Stichwort Digitalisierung – welche Rolle spielte diese in den ersten 100 Tagen?

Zu Beginn des Schuljahres durften wir ja unseren ersten renovierten Trakt wieder in Betrieb nehmen, der mit digitalen Tafeln ausgestattet wurde. Lehrerfortbildungen zu Beginn des Schuljahres haben den Kollegen einige der Möglichkeiten gezeigt, die diese neue Technik bereithält. Dennoch bleiben wir durch weitere Schulungen und durch einen geplanten pädagogischen Tag zum Thema "Digitalisierung und Medien am MvLG" am Ball, um uns weiter fortzubilden, um aber vor allem auch pädagogische Fragen im Umgang mit den digitalen Medien zu klären.

Neben Corona belastet ja auch eine Großbaustelle den Schulbetrieb

Da die Bauarbeiten reibungslos laufen und komplett im Zeitplan liegen, ist die Belastung vertretbar. Zudem kann man an dem renovierten Trakt sehen, was wir zukünftig in allen Klassenzimmern erwarten dürfen. Die neu eingebauten Lüftungsanlagen mit CO2-Filtern sind gerade in jetzigen Zeiten wertvoll.

In Ihrer Antrittsrede sprachen Sie davon, dass Sie "begeistern, gestalten und als Vorbild vorangehen wollen", in diesen Zeiten sicher nicht immer leicht.

Gerade diese Zeiten bringen neue Ideen hervor. So haben wir uns entschlossen, dass wir am MvLG, da alle Freizeitveranstaltungen für die Schülerinnen und Schüler in der Vorweihnachtszeit wegfielen, eine eigene MvLG-Weihnachtswelt gestalten. Dazu gehörte ein digitaler Adventskalender, der, zumindest so lange, wie die Schule noch geöffnet war, hauptsächlich analoge Überraschungen von Klassen für Klassen, von Lehrern für Schüler oder von AGs oder anderen Gruppierungen für die Schulgemeinschaft bereithielt. Ein Video, das die Religionsfachschaft mit Schülern gedreht hat, wurde über 1000 mal geteilt, ein Zeichen, dass positive Weihnachtsbotschaften von großer Bedeutung sind.

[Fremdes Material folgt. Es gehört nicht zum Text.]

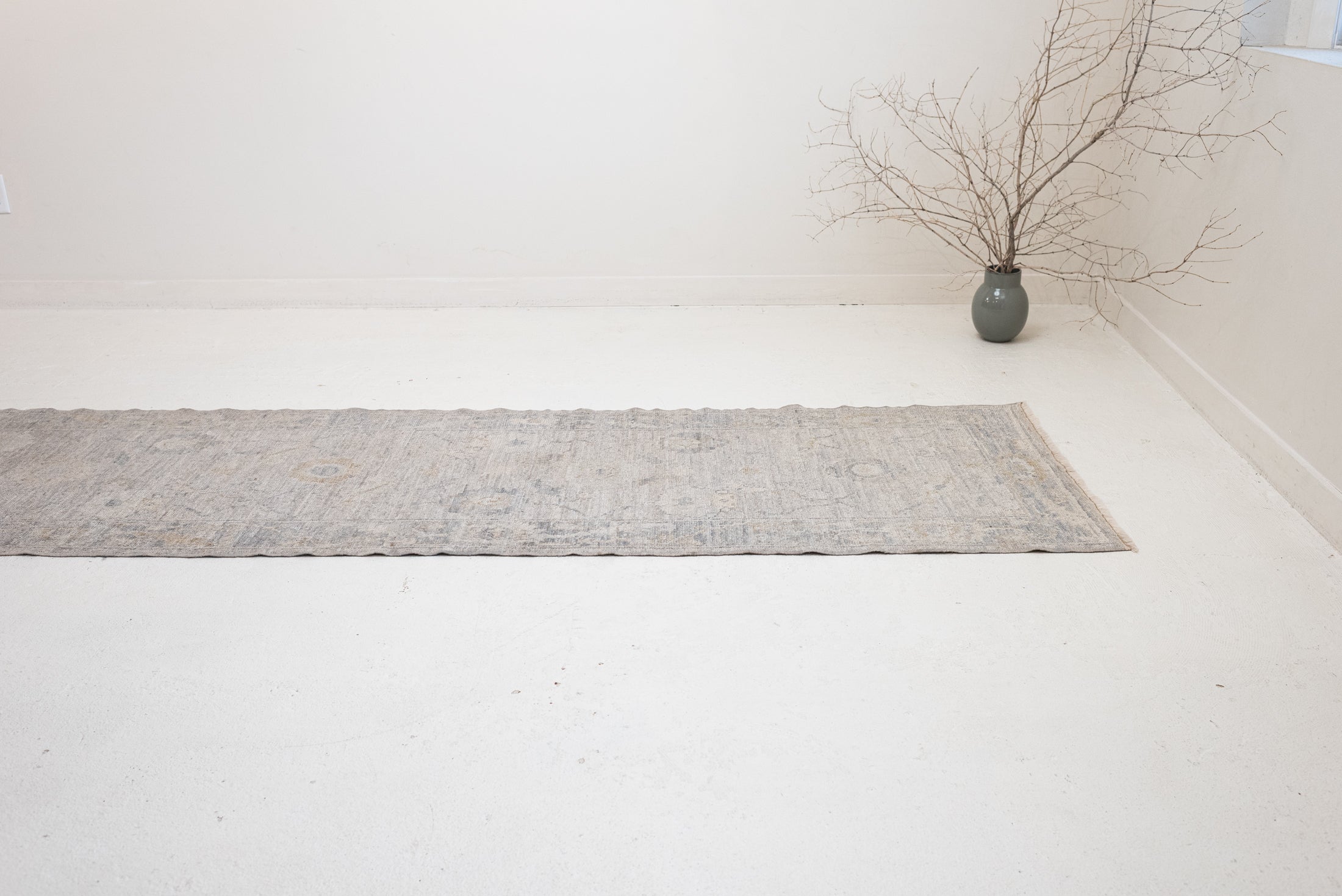 2'8 x 13'6 | CS-R-3802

Wie sehen Sie den nächsten Monaten entgegen?

Wir freuen uns, wenn wir unsere Schüler bald alle wieder im Präsenzunterricht am MvLG wiedersehen können. Bis dahin haben wir unseren Schülern eine "Hausaufgabe" aufgegeben: zu Hause den Tanz der "Jerusalema-Challenge" zu üben, da wir, wenn wir alle wieder in der Schule sein dürfen, mit einem Video an dieser Challenge teilnehmen wollen. Somit hoffen wir, dass wir auch neben dem Online-Unterricht das Gemeinschaftsgefühl weiter bestärken können. Von dem her bleibe ich weiter positiv und optimistisch.